In the episode's cold open, Jimmy McGill (Bob Odenkirk) is shown in his hometown of Cicero, Illinois, in 1992, scamming an unsuspecting bar patron with his friend Marco Pasternark (Mel Rodriguez). In the main story, Jimmy McGill finds the missing Kettleman family, who were camping in the woods outside their home to avoid Nacho Varga (Michael Mando) stealing the money they embezzled from the Bernalillo County treasury. Betsy Kettleman (Julie Ann Emery) bribes Jimmy not to reveal the money to authorities. Meanwhile, Jimmy impersonates the likeness of his former boss, Howard Hamlin (Patrick Fabian) in a billboard ad, and stages a scenario in which he saves a man from falling from the billboard.

==Plot==
===Opening===
In a flashback to 1992, Jimmy McGill and a man named Stevie leave a bar and Jimmy jokes that his name is Saul Goodman. (Note: A play on the phrase "it's all good, man") In an alley, they discover a barely conscious drunk man next to a wallet full of cash. Stevie takes the cash and Jimmy takes the man's Rolex watch. Jimmy estimates the Rolex to be worth more than the wallet, leading Stevie to trade the found money plus additional cash of his own for the watch. After Stevie runs away with the watch, a cheap counterfeit, Jimmy and the "unconscious" man, his partner Marco Pasternak, return to Jimmy's residence to split the proceeds of their scam.

===Main story===
In the present, Jimmy gives the Kettlemans the option of hiring him. Instead, they offer a bribe if he does not reveal they are in possession of the stolen $1.6 million, (Note: As seen in "Nacho") which he reluctantly accepts after they refer to him as "the kind of lawyer that guilty people hire". Nacho Varga is released from custody and accuses Jimmy of warning the Kettlemans. Jimmy denies this but claims that whoever did so did it for the sake of their children, and that Nacho should be grateful the warning prevented him from committing kidnapping or murder, especially as he was already noticed.

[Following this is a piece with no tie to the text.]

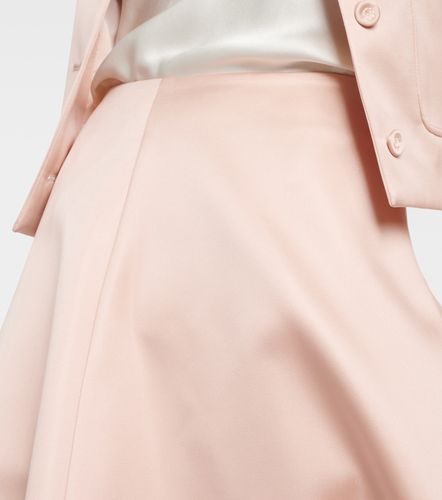Falda midi Varda de satén - Altuzarra - Modalova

Jimmy enters the money from the Kettlemans in his accounts as a retainer so it appears to be a legitimate payment. He spends the money on a personal makeover that imitates Howard Hamlin’s appearance and a billboard advertisement that shares obvious similarities with Hamlin, Hamlin & McGill. Kim Wexler confronts Jimmy, and Howard sues him for trademark infringement. The court rules for HHM and Jimmy is ordered to remove the billboard.

After failing to persuade news outlets to cover his predicament as a human-interest story, Jimmy hires a freelance college media team to record his video plea for sympathy. During filming, the worker removing the billboard falls and is held up only by his safety harness. Jimmy climbs up and pulls the worker to safety while passersby watch and record, as does his media team. Howard and Kim suspect Jimmy staged the rescue for publicity; Kim smiles at the news broadcast praising Jimmy.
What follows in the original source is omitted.